Will Johnstone is policy manager for Rethink Mental Illness, which improves the lives of people severely affected by mental illness through their network of local groups and services, expert information and successful campaigning.

When the Equality Act became law in 2010, disability was treated with a relatively broad brush. Some conditions were automatically treated as a disability, some were left out, and some were hardly mentioned. In what now seems like a glaring oversight, mental illness fell into the latter category.

The mental health and wellbeing agenda, exemplified in the recommendations of the Stevenson-Farmer Review and the excellent work of Time to Change social movement, the anti-stigma and discrimination campaign run in partnership by Mind and Rethink Mental Illness, has done a huge amount of good in raising awareness among employers of the actions they can undertake to improve wellbeing in their workplaces.
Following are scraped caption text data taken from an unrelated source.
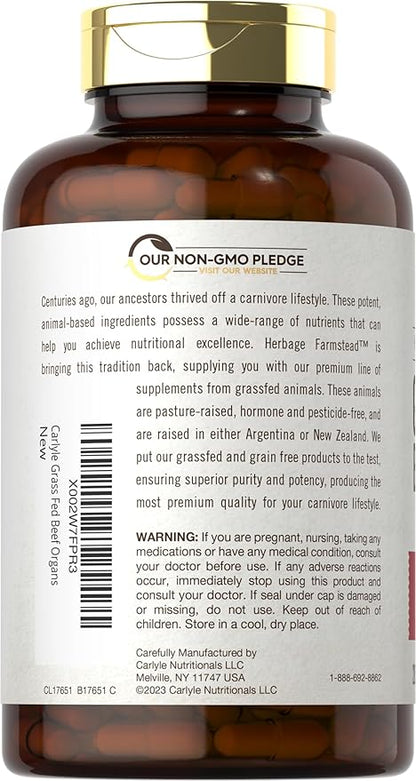 Carlyle Grass Fed Beef Organ Complex | 200 Capsules | Pasture Raised, Grain Free Supplement | with Desiccated Liver, Kidney, Pancreas, Heart, Spleen | Non-GMO, Gluten Free | by Herbage Farmstead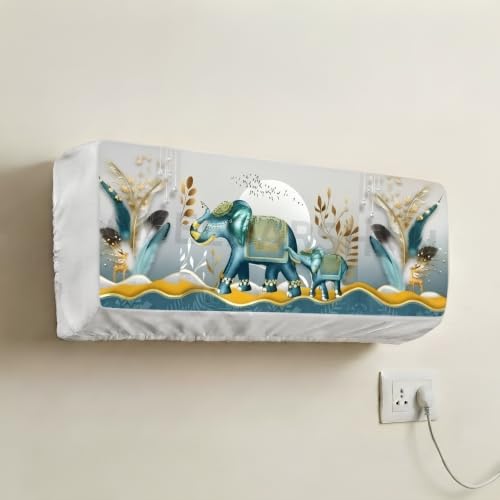 Image of Polyester Printed Air Conditioning Dust Cover Folding Designer Ac Cover For Indoor Split Ac 1.5 Ton (97X 31X 21 Cm ) (Elephant)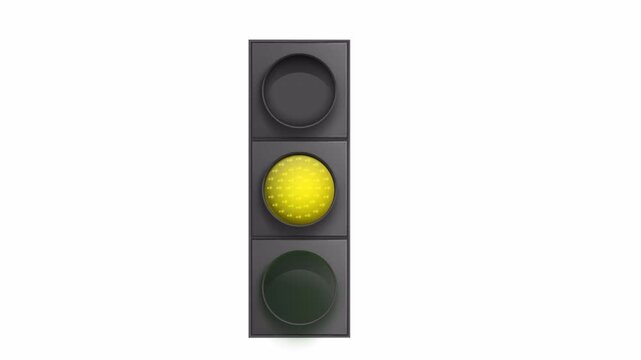 Traffic light changing sign animation on transparent background, realistic traffic light change red yellow green with alpha channel.
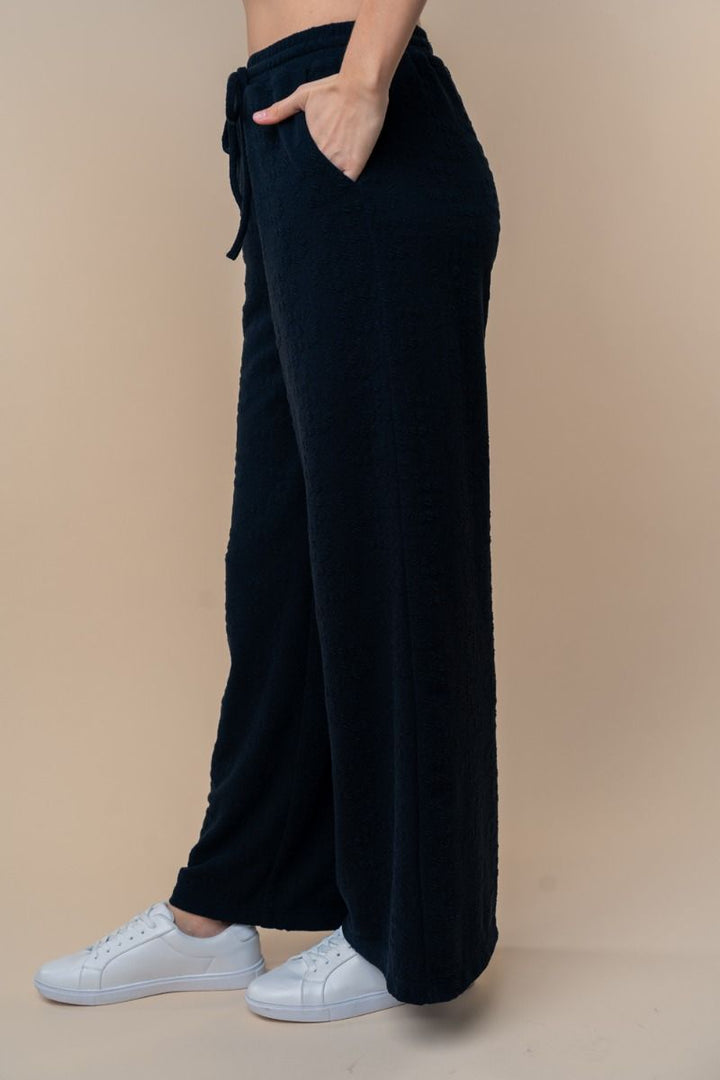 HIGH WAISTED SOLID PANTSWITH ELASTIC WAIST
But for those of us who work with people most severely affected by mental illness, there's little evidence that this is improving the lives of people with schizophrenia, bipolar, or obsessive-compulsive disorder. That’s because these are conditions that cannot necessarily be improved with quiet spaces alone. The people with these conditions are often experts at managing them, but they're not always confident to talk to their employers or colleagues about them.

Disclosure is a vital step towards raising awareness of any disability, and toward providing the necessary reasonable adjustments at work to enable employees to do their jobs. Disclosure helps employers to get the most out of their staff, and to be confident that they're following best practice. But at Rethink Mental Illness we've engaged with people who have not felt comfortable disclosing their conditions, or who have experienced direct or indirect discrimination when they have done so. This has meant that their work has contributed to worsening their mental illness, and too often causes a crisis.

The best examples we've encountered are in workplaces where disclosure is encouraged (from the top down), and a clear process exists for supporting employees severely affected by mental illness to access the reasonable adjustments they need to perform well. Workplaces where employers understand that people severely affected by mental illness have varied needs, and have good days and bad days. Where people are supported when they're at their most unwell, and their work is tailored to their mental health.

These examples are not dissimilar from the visions presented by the Stevenson-Farmer Review, and that gives us hope. Society has come a long way in understanding and respecting mental illnesses as disabilities, even in the 10 years since the Equality Act commenced. It's clear that there's a further journey to be undertaken with regard to severe mental illness, but we're in a better position to start it than we were a decade ago.